Climate Change: Bangladesh perspective
Bangladesh, a low-lying deltaic country of South Asia, is currently facing many climate change related challenges: sea-level rise, floods, drought, cyclone, saline inoculation, river bank and coastal erosion and water-logging. Bangladesh is the most vulnerable nation due to global climate change in the world according to German Watch’s Global Climate Risk Index (CRI) of 2011. This is based on the analysis of impacts of major climate events that occurred around the world in the twenty year period since 1990. The reasons are complex and extremely intertwined. In terms of the impact of climate change few places in the world will experience the range of effects and the severity of changes that will occur in Bangladesh, which will include: average weather temperatures rising; more extreme hot and cold spells; rainfall being less when it is most needed for agriculture, yet more in the monsoon when it already causes floods; melting of glaciers in the source areas of Bangladesh’s rivers altering the hydrological cycle; more powerful tornados and cyclones; and sea level rise displacing communities, turning freshwater saline and facilitating more powerful storm surges. Among the nineteen coastal districts in Bangladesh twelve are directly exposed to cyclones and tidal surges. Since 1970, 26 major cyclones hit Bangladesh, with 18 of them occurring in the last 20 years.
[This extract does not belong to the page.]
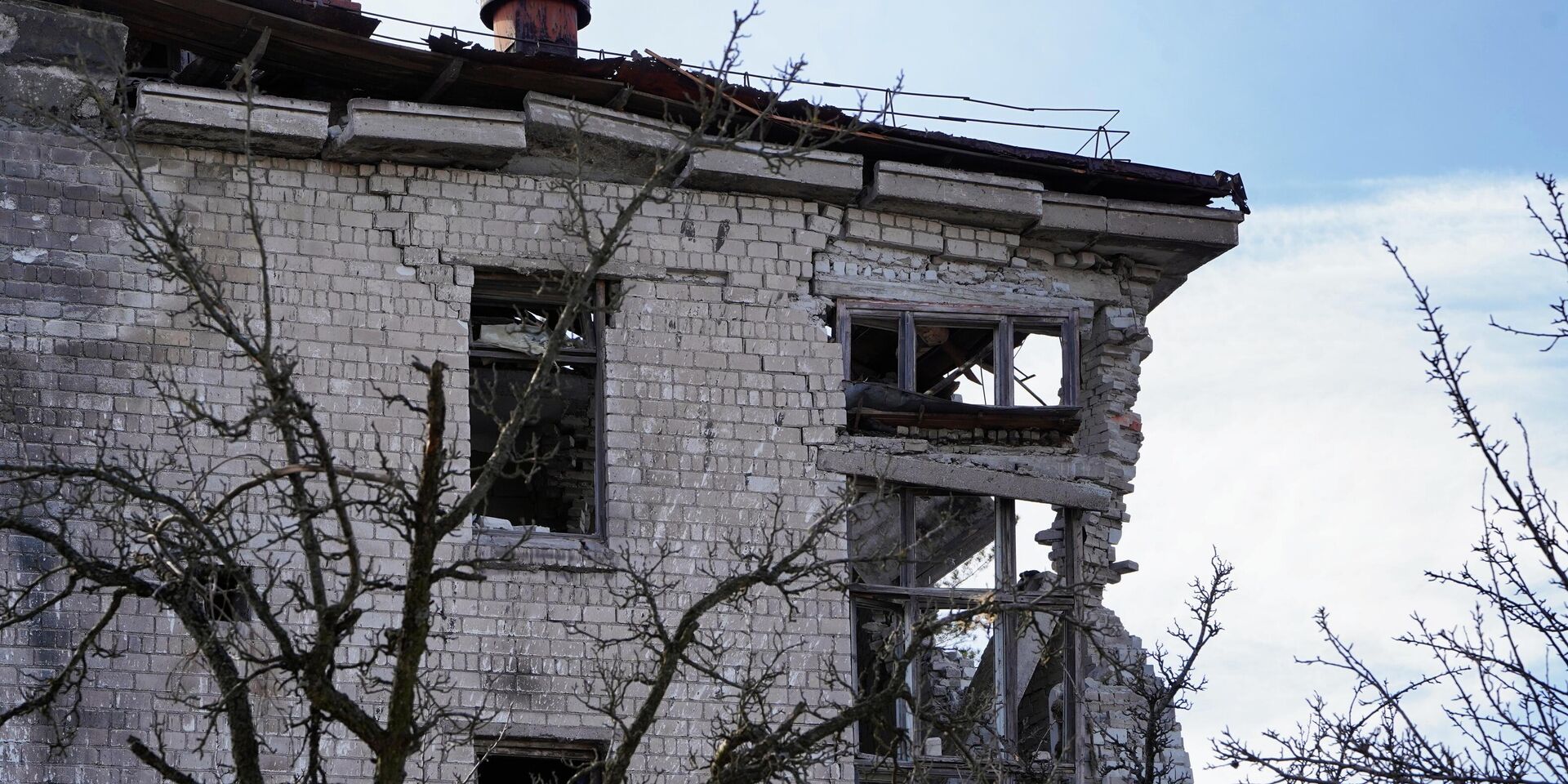 Последствия попадания ракеты ВСУ в здание бывшей школы в Володарском - ИноСМИ, 1920, 29.04.2023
About 19 million people were affected by them. In the last five years, two high intensity cyclones hit Bangladesh: one was the super cyclone SIDR of 2007 and the other was cyclone AILA of 2009.
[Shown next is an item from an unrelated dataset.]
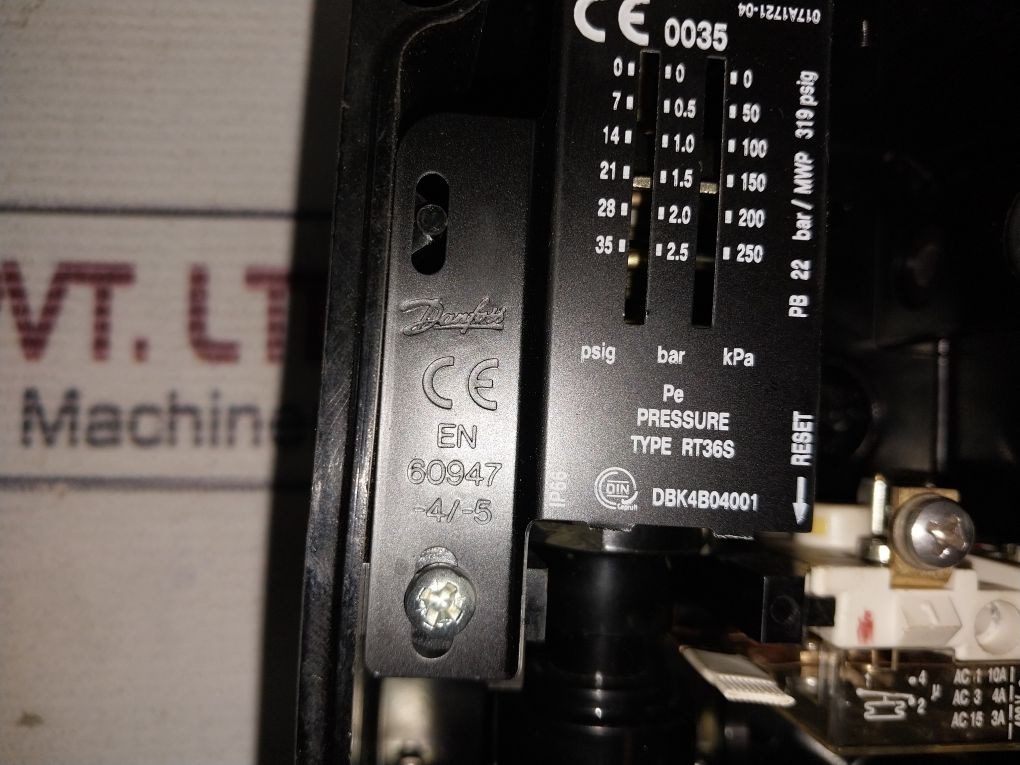 Danfoss Rt36S Pressure Switch 0-2.5 Bar 400V~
Defining Internally Displaced People (IDP)
Many terms and concepts such as environmental or climate change migrants, environmentally induced or forced migration, ecological or environmental refugee or climate change refugee, environmental displacement are used in the literature of migration. K. David defines environmental displacement as persons who are initially forced to migrate due to environmental effects.
The IOM Migration Research Series publication 31 identifies that the meteorological impact of climate change can be divided into two distinct drivers of migration: climate processes such as sea-level rise, salinization of agricultural land, desertification and growing water scarcity; and climate events such as flooding, storms and glacial lake outburst floods. But non-climate drivers, such as government policy, population growth and community-level resilience to natural disaster, are also important. All contribute to the degree of vulnerability people experience.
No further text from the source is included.